• **ACTION ITEM**
Reproduce the data exactly as given, except for any images.

*** EXERCISE DATA ***

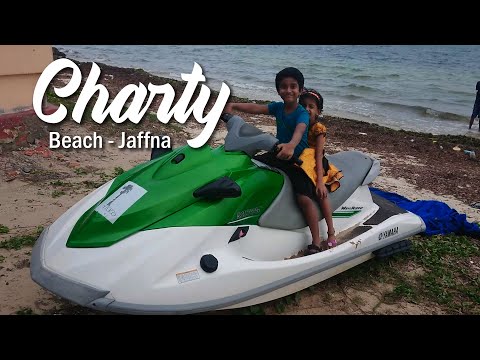 Charty Beach - சாட்டி கடற்கரை |  Velanai Jaffna | Travel Vlog15  | tamilvlog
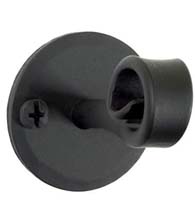 Round Iron Coat Hook, Acorn AMZBP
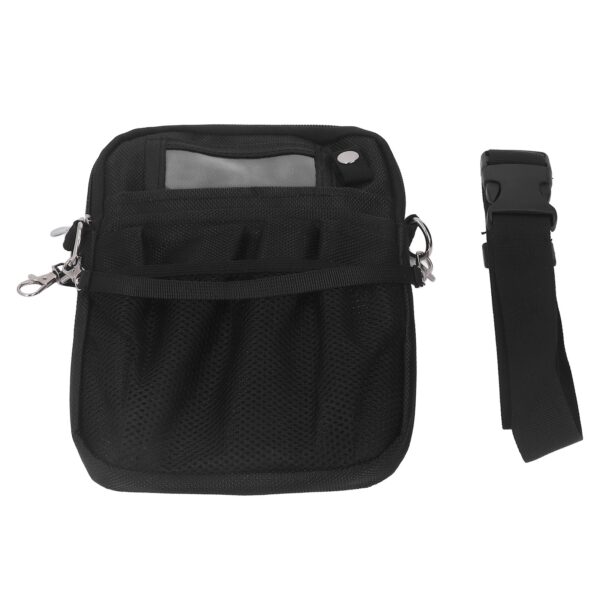 Multifunctional Single Shoulder Handheld Bag Waterproof Wear Resisting Portable Thickened Electrician Tool Bag - Image 7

*** End of EXERCISE DATA ***

• **COMPLETED TASK**
 Charty Beach - சாட்டி கடற்கரை |  Velanai Jaffna | Travel Vlog15  | tamilvlog
 Round Iron Coat Hook, Acorn AMZBP
 Multifunctional Single Shoulder Handheld Bag Waterproof Wear Resisting Portable Thickened Electrician Tool Bag - Image 7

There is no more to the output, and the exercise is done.